The bill will make it simpler for the federal government to share information with state and local governments.

WASHINGTON, D.C. (AP) -- State and local governments would get faster and more accurate terrorism information from the federal government under a bill moving through the House Judiciary Committee Tuesday.

The bill, H.R. 4598, is known as the Homeland Security Information Sharing Act and was moved by a House Judiciary subcommittee. The full committee could take up the bill as early as this week.

"Information sharing is the key to cooperation and coordination in homeland security," said Rep. Saxby Chambliss, R-Ga., chairman of the House subcommittee on terrorism and homeland security. "With the recent press reports about what information the government had prior to Sept. 11, it has become abundantly more clear that better information sharing among government agencies and with state and local officials needs to be a higher priority."

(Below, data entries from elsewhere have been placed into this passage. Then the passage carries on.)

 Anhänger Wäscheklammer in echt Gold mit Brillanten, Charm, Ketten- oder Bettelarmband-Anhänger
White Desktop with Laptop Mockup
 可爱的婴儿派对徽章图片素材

The legislation directs the use of existing technology -- already used to share information with NATO allies and Interpol -- that converts intelligence into a format that can easily shared, said Rep. Jane Harman, D-Calif. The information then can be shared through existing networks such as the National Law Enforcement Telecommunications System or Regional Information Sharing Systems.

The bill also authorizes an increase in the number of security-clearance investigations for state and local personnel. It would also add specific information to Homeland Security Director Tom Ridge's color-coded threat warning system, telling local personnel what they should be looking for and how they should adjust their activities, Harman said.

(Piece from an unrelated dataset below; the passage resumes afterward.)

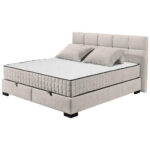 BED MET MATRAS 180 cm x 200 cm, textiel, houtmateriaal wit thumbnail 4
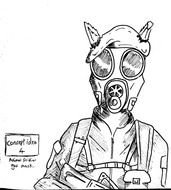 Black and white drawing of the soldier with the gas mask clipart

State and local police are usually the first people to cross potential terrorists' paths, she said.

"The professionals in the CIA, NSA and -- more than ever -- the FBI do an excellent job in gathering information from across the globe," Harman said. "But this multimillion-dollar capability is worth precisely nothing if that information doesn't get to the eyes and ears of those on the front lines fighting terrorism."

Ridge's office is behind the legislation, Chambliss said. Homeland Security spokesman Gordon Johndroe refused to talk about the legislation.

"The Office of Homeland Security is working to coordinate all of the federal agencies that provide information to the state and local governments regarding potential terrorism," Johndroe said. "We are working to improve and streamline that process."